- UK Pound strengthens despite complete absence of data
- Easing ‘Brexit’ concerns push GBP exchange rates higher
- Australian Dollar struggles against damp market sentiment
- GBP/AUD exchange rate forecast to hold gains
Pound Sterling (GBP) Exchange Rate Forecast to Rally despite Absence of Data
The Pound Sterling to Australian Dollar (GBP/AUD) exchange rate rallied by around 0.6% on Friday afternoon.
This week the UK Pound strengthened considerably versus many of its major peers, thanks to consolidative trading, amid concerns that GBP depreciation in the aftermath of the announcement of the EU referendum date was overdone.
Also highly supportive of demand for the UK unit was news from the latest opinion polls which showed that the ‘Remain’ EU referendum campaign have taken a commanding lead. Positive sentiment was also fuelled by the visit of US President Barack Obama as the heavyweight political figure urged the UK to stay in the European Union.
Even a slew of less-than-ideal domestic data reports released earlier in the week wasn’t enough to offset Sterling gains. However, the data does suggest that the British economy is on course for a significant slowdown in the first-quarter.
‘The stay-in vote is picking up a little bit,’ said Jennifer Hau, a foreign-exchange strategist at Credit Agricole in London. ‘Although data coming in is important, general market risk sentiment seems to be the key driver for Sterling at the moment.’
The Pound Sterling to Australian Dollar (GBP/AUD) exchange rate is currently trending in the region of 1.8600.

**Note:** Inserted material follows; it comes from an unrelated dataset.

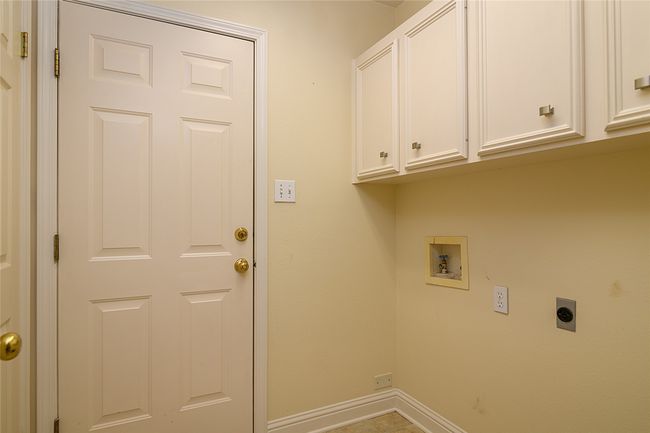 Laundry room featuring hookup for an electric dryer, cabinet space, washer hookup, and baseboards | Image 18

Australian Dollar (AUD) Exchange Rate Forecast to Struggle despite Iron Ore Rally
The Australian Dollar has endured a mixed-faring this week as dampened market sentiment was offset by predictions of Federal Reserve rate hike delays. Also combatting Australia’s losses in response to risk-off trading was rising iron ore prices.
However, the iron ore price rally has not supported the ‘Aussie’ (AUD) today amid expectations that demand will taper off.
‘It feels unlikely that the Chinese steel industry is being disciplined and not restarting capacity,’ said analysts at Liberum, a London-based broking house. ‘Our view for the year remains that demand has been front end loaded, driven by restocking and stimulus speculation, and will taper off.’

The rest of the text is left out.